State public health care programs are "core functions" that must continue

Statement from Lawrence J. Massa, President and CEO, Minnesota Hospital Association

ST. PAUL, Minn. — The Minnesota Hospital Association (MHA) continues to advocate for a balanced approach to resolve the state’s budget before July 1 so a government shutdown does not occur. If a shutdown occurs, however, continuing to provide meaningful access to basic health care services for our most vulnerable residents — the elderly, the disabled and the low-income families and children in every community — is a core function of state government. Minnesota fulfills this core function by paying health care providers and, in some cases, managed care organizations to provide these members of our communities with health care and coverage they need through the Medical Assistance or MinnesotaCare programs.

The conclusion that these programs must continue unabated during a shutdown has been a consistent precedent in Minnesota’s experience with shutdown preparations. In 2001 and again in 2005, the Minnesota attorney general argued that state health care programs are among the core functions of government. And in each of those cases, the Ramsey County District Court agreed, ruling that they must continue even during a state shutdown.
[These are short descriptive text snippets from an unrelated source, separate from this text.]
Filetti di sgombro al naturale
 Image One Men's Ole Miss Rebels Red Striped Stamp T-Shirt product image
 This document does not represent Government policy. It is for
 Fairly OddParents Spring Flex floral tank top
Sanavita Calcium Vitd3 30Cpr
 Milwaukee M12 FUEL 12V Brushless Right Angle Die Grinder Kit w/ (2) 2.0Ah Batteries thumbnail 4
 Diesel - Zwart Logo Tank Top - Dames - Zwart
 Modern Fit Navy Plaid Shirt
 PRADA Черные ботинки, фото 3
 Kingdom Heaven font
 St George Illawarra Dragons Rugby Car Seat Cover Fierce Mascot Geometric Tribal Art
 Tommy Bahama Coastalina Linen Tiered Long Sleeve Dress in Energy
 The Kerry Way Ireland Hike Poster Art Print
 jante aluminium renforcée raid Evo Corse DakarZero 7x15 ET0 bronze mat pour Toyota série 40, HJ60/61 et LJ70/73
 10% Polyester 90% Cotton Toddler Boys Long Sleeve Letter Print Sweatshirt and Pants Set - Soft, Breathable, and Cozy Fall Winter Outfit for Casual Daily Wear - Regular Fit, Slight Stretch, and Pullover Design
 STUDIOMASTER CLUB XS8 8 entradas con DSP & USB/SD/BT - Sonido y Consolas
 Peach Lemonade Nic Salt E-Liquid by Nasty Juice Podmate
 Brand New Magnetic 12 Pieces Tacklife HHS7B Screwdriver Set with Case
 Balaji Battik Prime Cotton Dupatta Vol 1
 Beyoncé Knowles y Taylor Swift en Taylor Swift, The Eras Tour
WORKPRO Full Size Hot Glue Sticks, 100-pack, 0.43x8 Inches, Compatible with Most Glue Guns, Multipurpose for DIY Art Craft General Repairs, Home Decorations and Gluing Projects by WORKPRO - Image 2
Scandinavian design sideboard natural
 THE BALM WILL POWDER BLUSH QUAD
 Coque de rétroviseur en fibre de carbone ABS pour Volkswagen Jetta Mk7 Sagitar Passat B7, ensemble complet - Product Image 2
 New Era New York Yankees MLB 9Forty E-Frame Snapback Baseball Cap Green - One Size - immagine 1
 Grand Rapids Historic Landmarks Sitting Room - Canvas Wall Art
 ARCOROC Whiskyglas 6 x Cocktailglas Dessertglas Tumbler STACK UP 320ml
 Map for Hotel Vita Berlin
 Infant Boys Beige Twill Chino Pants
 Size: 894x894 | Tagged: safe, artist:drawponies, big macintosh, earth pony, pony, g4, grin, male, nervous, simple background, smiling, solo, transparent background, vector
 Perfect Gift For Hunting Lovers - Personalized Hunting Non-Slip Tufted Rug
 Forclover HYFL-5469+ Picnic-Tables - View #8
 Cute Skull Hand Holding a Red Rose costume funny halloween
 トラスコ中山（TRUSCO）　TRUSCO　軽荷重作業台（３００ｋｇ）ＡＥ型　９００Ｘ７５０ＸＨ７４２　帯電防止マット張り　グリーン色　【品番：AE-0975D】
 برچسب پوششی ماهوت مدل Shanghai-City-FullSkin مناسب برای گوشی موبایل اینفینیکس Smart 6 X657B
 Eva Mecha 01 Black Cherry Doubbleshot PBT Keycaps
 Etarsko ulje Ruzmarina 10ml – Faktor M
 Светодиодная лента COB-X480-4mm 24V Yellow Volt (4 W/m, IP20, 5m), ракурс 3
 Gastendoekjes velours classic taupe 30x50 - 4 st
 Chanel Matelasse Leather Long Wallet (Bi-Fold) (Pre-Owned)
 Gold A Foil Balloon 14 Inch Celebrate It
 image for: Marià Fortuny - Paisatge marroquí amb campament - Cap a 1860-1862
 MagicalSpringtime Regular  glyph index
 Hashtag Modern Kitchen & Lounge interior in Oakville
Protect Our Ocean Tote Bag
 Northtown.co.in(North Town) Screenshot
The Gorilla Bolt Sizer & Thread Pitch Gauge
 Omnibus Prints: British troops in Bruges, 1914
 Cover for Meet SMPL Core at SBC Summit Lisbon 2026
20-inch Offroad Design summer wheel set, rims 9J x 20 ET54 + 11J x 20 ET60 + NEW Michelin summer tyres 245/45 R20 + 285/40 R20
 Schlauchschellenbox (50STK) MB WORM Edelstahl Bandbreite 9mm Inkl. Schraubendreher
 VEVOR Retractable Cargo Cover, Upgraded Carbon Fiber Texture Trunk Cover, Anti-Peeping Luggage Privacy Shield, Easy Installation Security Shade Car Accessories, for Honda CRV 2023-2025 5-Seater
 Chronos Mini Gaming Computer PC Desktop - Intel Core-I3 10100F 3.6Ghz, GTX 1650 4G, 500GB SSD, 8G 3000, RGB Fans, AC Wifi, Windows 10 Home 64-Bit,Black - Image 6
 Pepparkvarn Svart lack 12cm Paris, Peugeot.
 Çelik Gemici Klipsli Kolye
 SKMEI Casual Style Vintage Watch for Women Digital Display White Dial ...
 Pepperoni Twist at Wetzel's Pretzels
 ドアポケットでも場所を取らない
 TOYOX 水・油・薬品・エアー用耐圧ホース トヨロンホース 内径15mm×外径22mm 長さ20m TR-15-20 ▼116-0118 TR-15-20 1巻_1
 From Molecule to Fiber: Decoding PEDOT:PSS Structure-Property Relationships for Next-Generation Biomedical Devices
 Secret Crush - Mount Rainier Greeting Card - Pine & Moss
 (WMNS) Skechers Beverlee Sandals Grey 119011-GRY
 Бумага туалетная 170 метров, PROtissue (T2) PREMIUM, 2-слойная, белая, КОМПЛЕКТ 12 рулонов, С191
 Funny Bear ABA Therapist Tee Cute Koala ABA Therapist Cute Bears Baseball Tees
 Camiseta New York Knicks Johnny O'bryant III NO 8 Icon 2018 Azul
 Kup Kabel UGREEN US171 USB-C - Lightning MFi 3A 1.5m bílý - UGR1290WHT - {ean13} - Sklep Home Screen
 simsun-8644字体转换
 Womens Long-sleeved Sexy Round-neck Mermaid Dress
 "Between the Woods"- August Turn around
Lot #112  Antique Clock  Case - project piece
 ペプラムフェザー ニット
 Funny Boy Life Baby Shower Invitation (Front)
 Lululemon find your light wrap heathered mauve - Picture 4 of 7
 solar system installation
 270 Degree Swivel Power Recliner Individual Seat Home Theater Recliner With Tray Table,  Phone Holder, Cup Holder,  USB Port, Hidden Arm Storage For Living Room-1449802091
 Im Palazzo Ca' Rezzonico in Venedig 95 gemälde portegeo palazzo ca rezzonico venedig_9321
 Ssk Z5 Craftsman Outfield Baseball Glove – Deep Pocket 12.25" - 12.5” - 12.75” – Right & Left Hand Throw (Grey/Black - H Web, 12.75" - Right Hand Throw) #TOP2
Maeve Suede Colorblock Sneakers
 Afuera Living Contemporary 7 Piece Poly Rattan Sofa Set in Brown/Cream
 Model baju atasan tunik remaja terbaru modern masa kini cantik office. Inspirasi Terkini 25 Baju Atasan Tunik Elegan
Earlier this week, Attorney General Lori Swanson continued the state’s position in this regard and petitioned the court for another ruling in case the state shuts down on July 1.We appreciate her respect for legal precedent, and adherence to federal statutory and constitutional law.

MHA remains confident that the court will similarly follow its own rulings from 2001 and 2005. Nothing has made these programs less essential or critical in the past six or ten years. To the contrary, the core function of these programs has intensified along with the increased number of Minnesotans enrolled in them. Therefore, the court should again declare that these programs, including the administration of their benefits, payments and applications for enrollment, are core functions of government.  

We are disappointed that the governor’s attorney submitted court documents that appear to break from this consistent line of legal precedent and that seem to raise doubts about the state’s intention to fulfill its obligations under federal law. The governor’s petition recognizes that public program enrollees must remain covered, but it suggests that the state could fulfill its obligations in this regard even if it does not pay anyone to provide health care services or coverage to those enrollees. MHA is puzzled by this suggestion.

To be clear: Minnesota’s hospitals’ number one priority has always been and will always be providing access to the health care our patients and communities need. Not even a state government shutdown will avert us from that mission.

However, if providers are not paid, inevitably they will need to evaluate their options to manage such a significant financial impact even in the short run. Options might include reducing or closing services and staff layoffs in some areas in order to be able to continue meeting the most urgent health care needs in their community. Unfortunately, these kinds of cuts result in less access to care, fewer services and more unemployment.

The governor’s recommendations and the recent letter that the state sent to public program enrollees demonstrate how a potential shutdown results in confusion, anxiety and suffering for our patients and communities. Implementation of a shutdown will be exponentiallymore problematic and, for some individuals, could be tragic.

MHA encourages the attorney general to remain a champion for continuing to regard these programs as core functions that continue even while the state is shutdown because of budgetary disputes. And we urge the governor and the Legislature to come together to find a budget solution before July 1 so that any negative impacts of a government shutdown are avoided.